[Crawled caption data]
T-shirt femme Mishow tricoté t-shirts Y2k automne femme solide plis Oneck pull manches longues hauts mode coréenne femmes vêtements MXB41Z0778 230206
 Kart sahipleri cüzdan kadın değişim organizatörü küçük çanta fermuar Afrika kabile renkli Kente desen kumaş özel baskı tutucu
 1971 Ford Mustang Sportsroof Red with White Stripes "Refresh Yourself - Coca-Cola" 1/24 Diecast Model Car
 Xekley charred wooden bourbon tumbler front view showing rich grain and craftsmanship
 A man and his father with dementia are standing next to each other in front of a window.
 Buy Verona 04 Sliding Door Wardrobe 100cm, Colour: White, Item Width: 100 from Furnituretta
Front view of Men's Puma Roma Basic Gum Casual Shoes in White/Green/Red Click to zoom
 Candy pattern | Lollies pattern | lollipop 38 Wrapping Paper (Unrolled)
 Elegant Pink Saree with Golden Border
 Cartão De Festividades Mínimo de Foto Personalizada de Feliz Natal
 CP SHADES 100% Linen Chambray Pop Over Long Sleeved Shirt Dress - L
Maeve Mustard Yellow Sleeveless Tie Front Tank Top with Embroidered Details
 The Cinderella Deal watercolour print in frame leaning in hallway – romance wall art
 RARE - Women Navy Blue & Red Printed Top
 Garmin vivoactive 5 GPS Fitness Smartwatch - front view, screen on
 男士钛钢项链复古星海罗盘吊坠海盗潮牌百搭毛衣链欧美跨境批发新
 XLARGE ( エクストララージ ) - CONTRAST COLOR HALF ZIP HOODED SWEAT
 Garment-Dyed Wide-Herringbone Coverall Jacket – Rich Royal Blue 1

» Task goal
Full transcription, please: every entry, exactly as written.

» Task output
T-shirt femme Mishow tricoté t-shirts Y2k automne femme solide plis Oneck pull manches longues hauts mode coréenne femmes vêtements MXB41Z0778 230206
 Kart sahipleri cüzdan kadın değişim organizatörü küçük çanta fermuar Afrika kabile renkli Kente desen kumaş özel baskı tutucu
 1971 Ford Mustang Sportsroof Red with White Stripes "Refresh Yourself - Coca-Cola" 1/24 Diecast Model Car
 Xekley charred wooden bourbon tumbler front view showing rich grain and craftsmanship
 A man and his father with dementia are standing next to each other in front of a window.
 Buy Verona 04 Sliding Door Wardrobe 100cm, Colour: White, Item Width: 100 from Furnituretta
Front view of Men's Puma Roma Basic Gum Casual Shoes in White/Green/Red Click to zoom
 Candy pattern | Lollies pattern | lollipop 38 Wrapping Paper (Unrolled)
 Elegant Pink Saree with Golden Border
 Cartão De Festividades Mínimo de Foto Personalizada de Feliz Natal
 CP SHADES 100% Linen Chambray Pop Over Long Sleeved Shirt Dress - L
Maeve Mustard Yellow Sleeveless Tie Front Tank Top with Embroidered Details
 The Cinderella Deal watercolour print in frame leaning in hallway – romance wall art
 RARE - Women Navy Blue & Red Printed Top
 Garmin vivoactive 5 GPS Fitness Smartwatch - front view, screen on
 男士钛钢项链复古星海罗盘吊坠海盗潮牌百搭毛衣链欧美跨境批发新
 XLARGE ( エクストララージ ) - CONTRAST COLOR HALF ZIP HOODED SWEAT
 Garment-Dyed Wide-Herringbone Coverall Jacket – Rich Royal Blue 1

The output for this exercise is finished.